- _YOUR TASK_
Before copying the entries, remove the pictures; everything else stays exactly as it is.

******************************

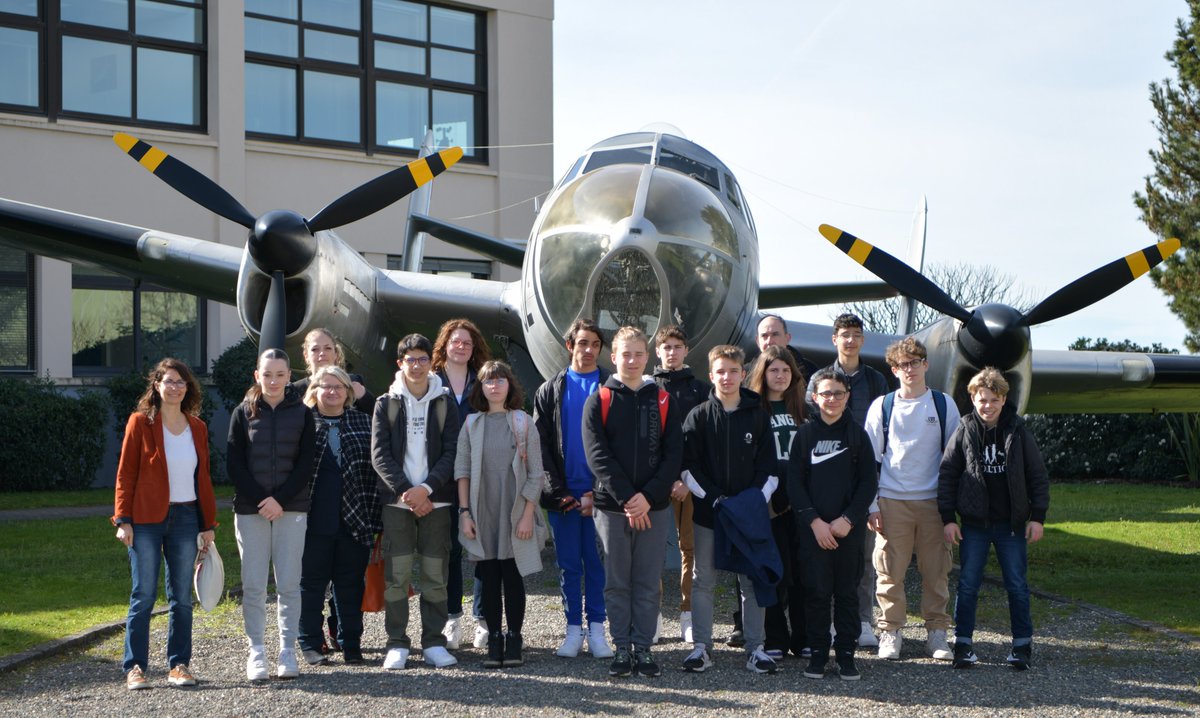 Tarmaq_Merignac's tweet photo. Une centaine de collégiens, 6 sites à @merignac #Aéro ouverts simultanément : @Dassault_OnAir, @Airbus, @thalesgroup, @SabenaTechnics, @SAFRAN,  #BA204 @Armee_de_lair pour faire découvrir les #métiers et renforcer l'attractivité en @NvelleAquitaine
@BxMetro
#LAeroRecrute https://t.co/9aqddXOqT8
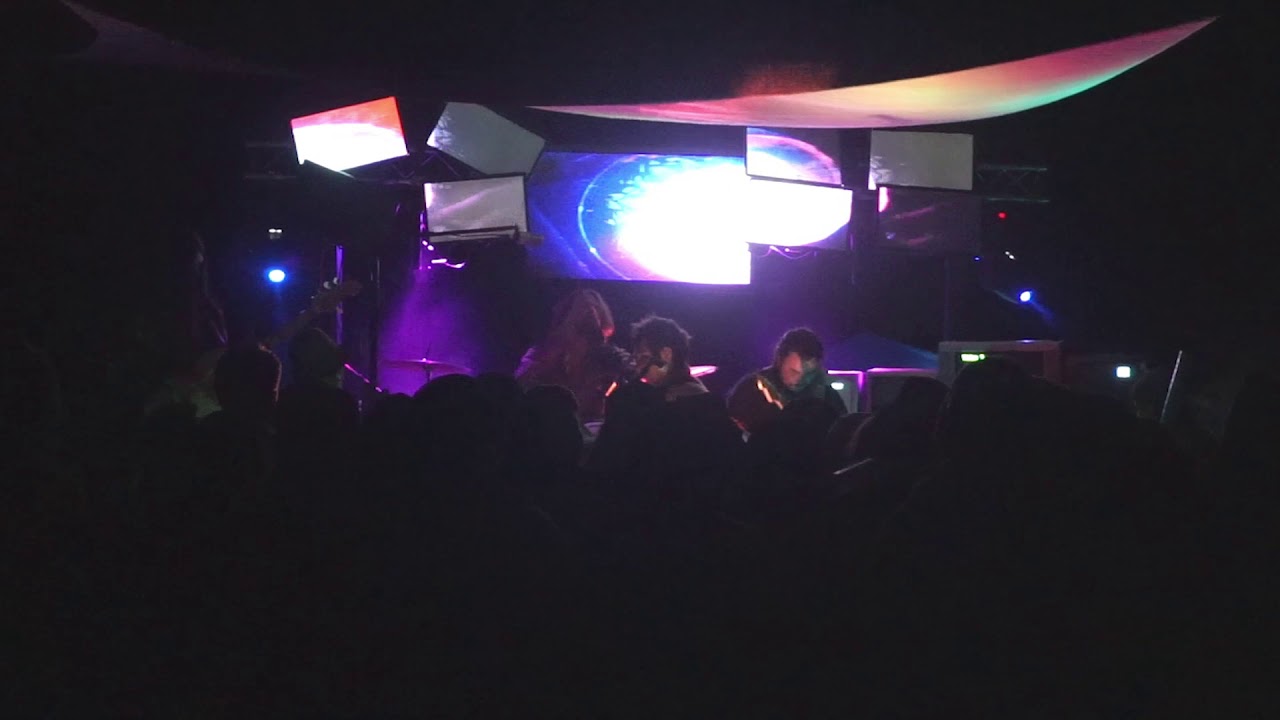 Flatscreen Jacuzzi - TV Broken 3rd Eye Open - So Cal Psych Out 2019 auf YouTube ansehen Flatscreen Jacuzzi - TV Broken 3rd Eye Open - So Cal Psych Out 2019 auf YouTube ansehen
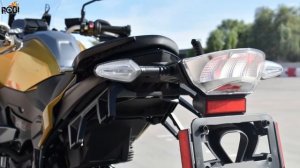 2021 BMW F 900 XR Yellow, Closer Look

******************************

- _WRITTEN ANSWER_
 Tarmaq_Merignac's tweet photo. Une centaine de collégiens, 6 sites à @merignac #Aéro ouverts simultanément : @Dassault_OnAir, @Airbus, @thalesgroup, @SabenaTechnics, @SAFRAN,  #BA204 @Armee_de_lair pour faire découvrir les #métiers et renforcer l'attractivité en @NvelleAquitaine
@BxMetro
#LAeroRecrute https://t.co/9aqddXOqT8
 Flatscreen Jacuzzi - TV Broken 3rd Eye Open - So Cal Psych Out 2019 auf YouTube ansehen Flatscreen Jacuzzi - TV Broken 3rd Eye Open - So Cal Psych Out 2019 auf YouTube ansehen
 2021 BMW F 900 XR Yellow, Closer Look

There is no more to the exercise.